A los pocos días de acceder al trono, Enrique VIII (1491-1547) anunció su intención de casarse con Catalina de Aragón. Aunque tenía solo 17 años, era consciente de la importancia de la cuestión dinástica. Ansiaba dos cosas: un heredero varón y la gloria personal.

Dejó huella en el continente por el cisma religioso y el posterior aislamiento de Inglaterra, un quiebro decisivo en la historia del país al que se vio abocado por el fracaso dinástico de su matrimonio con Catalina. El matrimonio solo tenía una hija, María, y la idea de que una mujer reinara, algo inédito en Inglaterra, era inconcebible.

Apeló a Roma para que anulara el matrimonio. Los papas normalmente se plegaban a las peticiones reales de este tipo, pero Clemente VII se encontraba bajo el yugo de Carlos V, que lo había hecho prisionero tras el saqueo de Roma y que no estaba dispuesto a que la princesa María, prima suya, fuera desheredada.

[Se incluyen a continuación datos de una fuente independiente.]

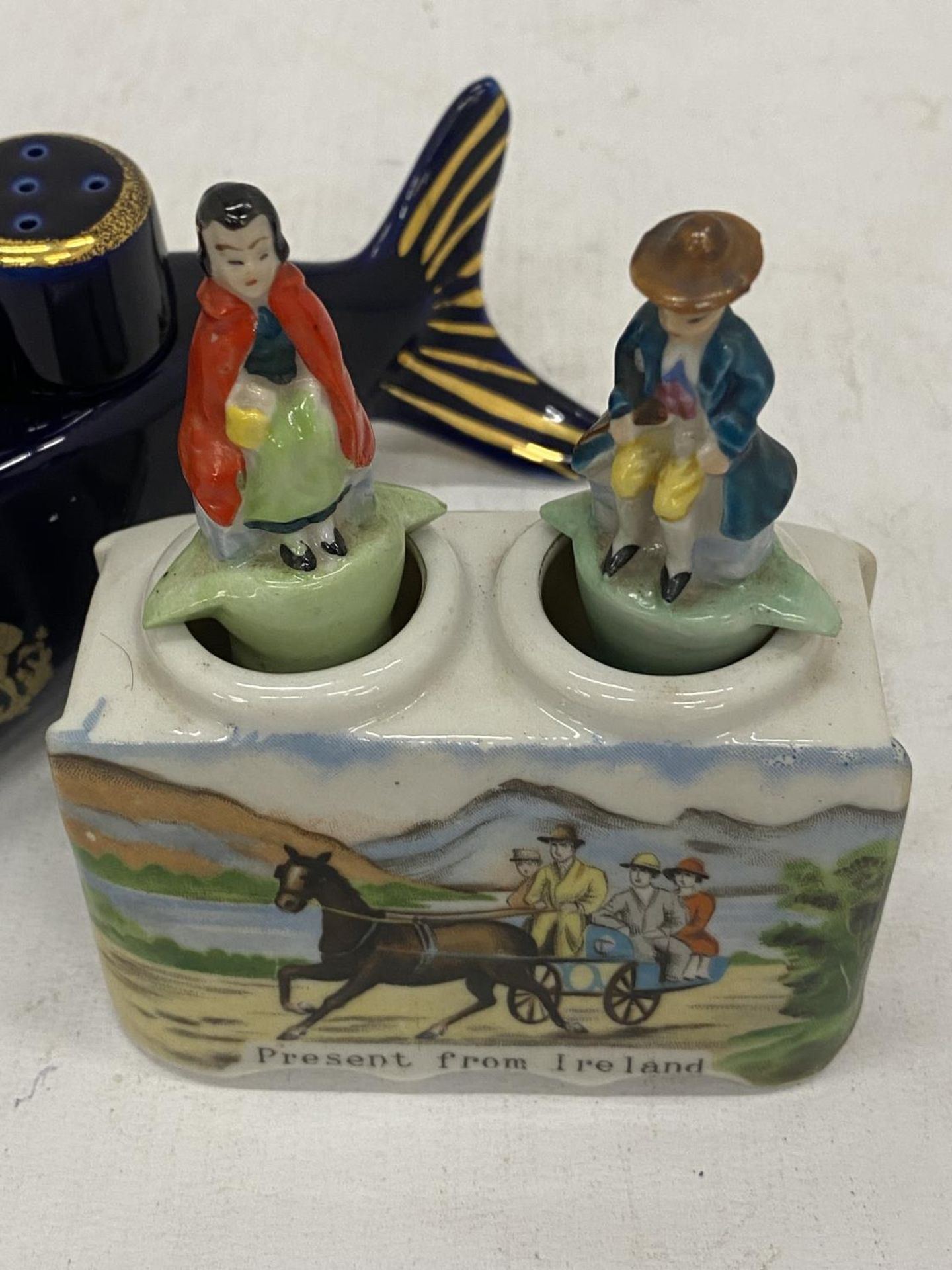 TWO VINTAGE CONDIMENT SETS - LIMOGES FISH AND ROCKING IRISHMAN AND WIFE ON PONYTRAP - Bild 2 aus 6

Ante la negativa de Clemente VII, Enrique VIII decidió romper con Roma. Se hizo con dictámenes favorables a su divorcio y aprovechó el descontento del clero secular inglés por la excesiva fiscalidad papal y por la acumulación de riquezas en manos de las órdenes religiosas para hacerse reconocer jefe de la Iglesia de Inglaterra.

En 1533 fue coronada reina Ana Bolena. El papa Clemente VIII respondió con la excomunión del rey, a la que Enrique VIII opuso el cisma de la Iglesia de Inglaterra, aprobado por el Parlamento: Ley de supremacía de 1534.